Mirage: Automatic Scene Inference and Rendering

CS184 Final Project Report

Jay Shenoy, Anup Hiremath, Gaurav Rao

3032725230, 3032674842, 3032684995


Input
Output

Abstract

In this project, our goal was to take in a 2D image as the only input, and be able to render an artificial object into the scene with realistic lighting and shading. We were inspired by this [1] paper by Kevin Karsch et al., and sought to reproduce its results. In order to do this, we had to put together a number of steps: finding a depth map and reconstructing a mesh of the original scene, finding the true colors of objects in the scene, estimating the direction and intensity of lighting, and finally rendering in objects in a way that looks clean and close to the original image. Along the way, we had to constrain the problem to assume all objects in the scene with diffuse, that only indoor scenes would be reconstructed, and that reflective objects would not be rendered in. Using a number of libraries in addition to the NVIDIA OptiX raytracer framework, we were able to generate convincing images.


Technical Approach

Scene Reconstruction

Depth Estimation

To reconstruct the scene, we used a number of existing libraries and frameworks, as it was not the focus of our project. For depth estimation in the scene we resize the image to 320x240 and used this [2] program by Ibraheem Alhashim and Peter Wonka, whcih uses transfer learning on an NYU dataset of indoor scenes in order to estimate a depth map based on the image. We explored a wealth of literature and tested a number of different libraries on this topic, such as the method used by the original Karsch paper, and methods that directly estimated the resulting mesh by finding planar surfaces, but found by far the best results with this library.

Input
Output

Point Cloud Operations and Mesh Reconstruction

From the depth map, we assume that the image was taken with a pinhole camera and assume an arbitrary field of view, and use spherical coordinates to create a create a point cloud. We generate a .pcd file format so we can use the Point Cloud Library (PCL) [3] to filter the cloud and generate the mesh. We first filtered the mesh to remove outlier points, so that distinct surfaces at different depths would not be erroneously connected to one another, making occlusion possible. The algorithm was fairly simple; considering a group of 50 nearby points, remove any points more than 2 standard deviations away from the mean. This filtering was done by the PCL.

Input
Output

Then, we use the PCL's Greedy Projection Triangulation to quickly reconstruct a mesh. We researched alternatives, but as this wasn't the focus of the project, we decided to use a library to get a fast, clean mesh.

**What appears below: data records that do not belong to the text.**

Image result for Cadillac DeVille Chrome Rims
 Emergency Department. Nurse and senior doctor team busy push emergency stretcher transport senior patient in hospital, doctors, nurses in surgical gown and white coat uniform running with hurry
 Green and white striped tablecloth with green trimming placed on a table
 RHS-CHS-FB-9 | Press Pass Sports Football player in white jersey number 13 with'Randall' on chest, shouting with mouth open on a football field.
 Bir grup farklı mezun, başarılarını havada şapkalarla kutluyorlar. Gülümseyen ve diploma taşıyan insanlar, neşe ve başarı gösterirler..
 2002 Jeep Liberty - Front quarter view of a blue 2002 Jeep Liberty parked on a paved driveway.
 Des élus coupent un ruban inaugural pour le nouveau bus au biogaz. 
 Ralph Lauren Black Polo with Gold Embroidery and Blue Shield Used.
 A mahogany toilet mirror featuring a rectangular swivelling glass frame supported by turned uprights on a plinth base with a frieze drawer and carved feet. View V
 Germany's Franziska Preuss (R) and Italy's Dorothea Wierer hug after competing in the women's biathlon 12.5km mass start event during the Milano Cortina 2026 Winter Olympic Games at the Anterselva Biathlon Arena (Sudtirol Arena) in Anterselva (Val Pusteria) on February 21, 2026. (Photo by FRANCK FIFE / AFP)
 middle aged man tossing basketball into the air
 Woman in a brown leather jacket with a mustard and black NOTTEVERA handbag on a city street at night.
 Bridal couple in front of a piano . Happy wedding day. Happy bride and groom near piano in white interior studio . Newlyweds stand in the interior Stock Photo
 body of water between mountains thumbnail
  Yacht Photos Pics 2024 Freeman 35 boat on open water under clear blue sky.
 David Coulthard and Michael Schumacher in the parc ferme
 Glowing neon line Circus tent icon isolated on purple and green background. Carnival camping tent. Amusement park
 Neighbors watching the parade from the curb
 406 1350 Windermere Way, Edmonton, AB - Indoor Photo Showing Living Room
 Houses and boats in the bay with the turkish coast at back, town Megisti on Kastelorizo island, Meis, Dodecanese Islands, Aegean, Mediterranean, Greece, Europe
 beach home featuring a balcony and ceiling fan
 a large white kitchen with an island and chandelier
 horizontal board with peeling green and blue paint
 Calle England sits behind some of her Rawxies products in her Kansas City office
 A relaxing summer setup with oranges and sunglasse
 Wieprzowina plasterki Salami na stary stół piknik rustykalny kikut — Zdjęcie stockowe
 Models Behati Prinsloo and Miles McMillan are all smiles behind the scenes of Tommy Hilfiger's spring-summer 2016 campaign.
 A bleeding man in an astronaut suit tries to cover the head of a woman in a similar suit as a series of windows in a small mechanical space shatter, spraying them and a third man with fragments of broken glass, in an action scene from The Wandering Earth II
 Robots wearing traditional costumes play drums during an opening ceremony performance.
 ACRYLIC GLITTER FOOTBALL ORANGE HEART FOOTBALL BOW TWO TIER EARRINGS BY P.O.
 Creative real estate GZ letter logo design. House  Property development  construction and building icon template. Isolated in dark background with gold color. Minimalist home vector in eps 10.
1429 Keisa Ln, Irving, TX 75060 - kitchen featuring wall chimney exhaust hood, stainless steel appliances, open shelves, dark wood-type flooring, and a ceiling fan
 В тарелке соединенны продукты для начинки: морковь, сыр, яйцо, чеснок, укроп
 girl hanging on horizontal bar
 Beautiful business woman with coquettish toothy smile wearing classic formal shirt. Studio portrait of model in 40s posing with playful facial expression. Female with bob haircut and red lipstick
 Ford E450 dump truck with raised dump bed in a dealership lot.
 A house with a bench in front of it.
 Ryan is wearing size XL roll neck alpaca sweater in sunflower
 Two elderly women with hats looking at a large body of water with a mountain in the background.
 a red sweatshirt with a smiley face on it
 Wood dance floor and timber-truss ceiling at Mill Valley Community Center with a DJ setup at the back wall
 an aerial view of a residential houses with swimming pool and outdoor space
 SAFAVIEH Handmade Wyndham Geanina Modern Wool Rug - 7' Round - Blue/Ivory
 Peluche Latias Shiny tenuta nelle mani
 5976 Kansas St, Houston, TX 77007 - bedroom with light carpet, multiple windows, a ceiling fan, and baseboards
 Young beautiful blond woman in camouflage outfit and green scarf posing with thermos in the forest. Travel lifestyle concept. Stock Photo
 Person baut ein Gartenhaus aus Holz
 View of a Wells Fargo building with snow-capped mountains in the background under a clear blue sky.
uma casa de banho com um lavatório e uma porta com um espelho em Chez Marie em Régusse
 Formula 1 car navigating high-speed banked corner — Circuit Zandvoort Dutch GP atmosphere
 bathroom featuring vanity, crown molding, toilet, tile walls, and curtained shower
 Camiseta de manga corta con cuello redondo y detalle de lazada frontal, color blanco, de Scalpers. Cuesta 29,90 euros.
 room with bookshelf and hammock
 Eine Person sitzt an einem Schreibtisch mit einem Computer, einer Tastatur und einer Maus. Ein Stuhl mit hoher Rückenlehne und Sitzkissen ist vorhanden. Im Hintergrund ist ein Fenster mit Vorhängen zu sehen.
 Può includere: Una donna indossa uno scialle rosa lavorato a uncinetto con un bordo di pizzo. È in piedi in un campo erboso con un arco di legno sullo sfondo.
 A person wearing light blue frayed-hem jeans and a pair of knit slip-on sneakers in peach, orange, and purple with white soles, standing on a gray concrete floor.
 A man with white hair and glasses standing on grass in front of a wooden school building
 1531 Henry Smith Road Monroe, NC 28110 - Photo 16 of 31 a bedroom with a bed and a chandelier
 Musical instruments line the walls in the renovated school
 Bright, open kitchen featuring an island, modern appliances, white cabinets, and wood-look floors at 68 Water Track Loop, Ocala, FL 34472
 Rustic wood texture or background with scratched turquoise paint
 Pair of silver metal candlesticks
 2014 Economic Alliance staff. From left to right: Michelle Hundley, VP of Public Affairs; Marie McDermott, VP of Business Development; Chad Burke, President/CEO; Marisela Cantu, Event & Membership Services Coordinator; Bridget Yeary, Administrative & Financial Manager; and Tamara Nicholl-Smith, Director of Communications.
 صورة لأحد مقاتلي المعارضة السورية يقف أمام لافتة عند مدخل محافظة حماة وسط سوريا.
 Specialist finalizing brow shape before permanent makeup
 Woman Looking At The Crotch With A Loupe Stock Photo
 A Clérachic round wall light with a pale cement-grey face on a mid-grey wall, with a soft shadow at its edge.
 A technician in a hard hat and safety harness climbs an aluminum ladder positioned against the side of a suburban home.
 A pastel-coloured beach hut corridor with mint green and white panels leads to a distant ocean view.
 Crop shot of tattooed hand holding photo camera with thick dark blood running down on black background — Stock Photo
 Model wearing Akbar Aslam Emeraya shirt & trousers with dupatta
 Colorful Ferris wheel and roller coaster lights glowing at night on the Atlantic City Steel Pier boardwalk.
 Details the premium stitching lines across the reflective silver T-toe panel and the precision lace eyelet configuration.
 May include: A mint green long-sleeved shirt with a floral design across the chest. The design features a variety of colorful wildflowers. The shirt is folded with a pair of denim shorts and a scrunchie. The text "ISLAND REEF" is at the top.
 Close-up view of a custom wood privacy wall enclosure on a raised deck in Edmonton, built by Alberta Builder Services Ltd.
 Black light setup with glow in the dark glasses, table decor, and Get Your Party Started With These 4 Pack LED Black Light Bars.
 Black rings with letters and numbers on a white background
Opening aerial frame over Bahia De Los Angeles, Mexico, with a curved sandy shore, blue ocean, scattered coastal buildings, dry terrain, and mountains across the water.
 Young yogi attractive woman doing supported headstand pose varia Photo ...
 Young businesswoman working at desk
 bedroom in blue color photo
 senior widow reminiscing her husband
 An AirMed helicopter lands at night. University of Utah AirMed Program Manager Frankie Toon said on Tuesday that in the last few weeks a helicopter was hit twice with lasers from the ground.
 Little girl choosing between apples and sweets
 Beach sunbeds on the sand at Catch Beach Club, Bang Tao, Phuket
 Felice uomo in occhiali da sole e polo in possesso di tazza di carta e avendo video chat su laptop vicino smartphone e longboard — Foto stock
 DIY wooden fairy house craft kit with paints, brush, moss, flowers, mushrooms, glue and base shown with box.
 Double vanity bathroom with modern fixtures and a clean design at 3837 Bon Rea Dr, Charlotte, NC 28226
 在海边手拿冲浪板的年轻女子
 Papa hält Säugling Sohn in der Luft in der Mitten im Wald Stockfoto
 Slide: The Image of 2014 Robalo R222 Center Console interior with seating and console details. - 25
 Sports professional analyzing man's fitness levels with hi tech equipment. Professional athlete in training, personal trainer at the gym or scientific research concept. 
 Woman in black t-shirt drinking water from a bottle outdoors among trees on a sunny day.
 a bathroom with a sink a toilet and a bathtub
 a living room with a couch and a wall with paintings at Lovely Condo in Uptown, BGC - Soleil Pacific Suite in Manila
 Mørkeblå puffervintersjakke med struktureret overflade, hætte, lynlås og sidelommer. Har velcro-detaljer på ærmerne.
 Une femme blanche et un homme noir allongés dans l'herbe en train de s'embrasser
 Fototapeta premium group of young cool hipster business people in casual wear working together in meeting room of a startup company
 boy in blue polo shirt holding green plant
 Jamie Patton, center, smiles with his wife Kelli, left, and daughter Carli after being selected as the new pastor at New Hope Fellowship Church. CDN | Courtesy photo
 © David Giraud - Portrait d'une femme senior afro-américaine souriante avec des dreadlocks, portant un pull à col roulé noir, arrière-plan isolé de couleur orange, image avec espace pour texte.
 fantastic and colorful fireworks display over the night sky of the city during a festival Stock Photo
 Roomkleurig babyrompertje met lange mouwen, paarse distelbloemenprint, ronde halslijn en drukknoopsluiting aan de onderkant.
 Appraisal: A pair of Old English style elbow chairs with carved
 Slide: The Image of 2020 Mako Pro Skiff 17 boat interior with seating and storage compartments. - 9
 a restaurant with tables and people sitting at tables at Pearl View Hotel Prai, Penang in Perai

Note the gaps behind the bed out of view of the camera, a result of point cloud filtering. This enables occlusion of objects rendered in.

True Color Estimation

To estimate the true color of objects in the scene in the absence of lighting, we use the PDE-retinex algorithm as described in this [4] paper by Nicolas Limare et al. This must be done because we don't want our shading effects to be computed on the already lit/shadowed colors of objects in the scene; we want our shadows to be computed with respect to the scene's "intrinsic color". The algorithm aims to get rid of shading effects by assuming that changes in color due to shading will be smooth, while the boundaries between patches will be relatively sharp. It thus strives to preserve sharp boundaries between color patches while evening out the interiors of those color patches. The algorithm operates independently on each color channel, and begins by applying the Discrete Laplacian Transform:
$F(i, j) = f(I(i, j) - I(i-1, j)) + f(I(i, j) - I(i, j-1)) + f(I(i, j) - I(i+1, j)) + f(I(i, j) - I(i, j+1))$
where I(i, j) is the pixel value at that point in a certain color channel, and f() is a threshholding function that only keeps a value if it is larger than a predetermined threshhold. This essentially operates as an edge detector: edges of sharp color gradient in the image are emphasized.

The output of the DLT

The Discrete Fourier Transform of F is then computed, and the following function is applied with m and n as height and width. This transform solves a Poisson equation, which has the effect of preserving gradients present after the DLT, and setting all other gradients to 0.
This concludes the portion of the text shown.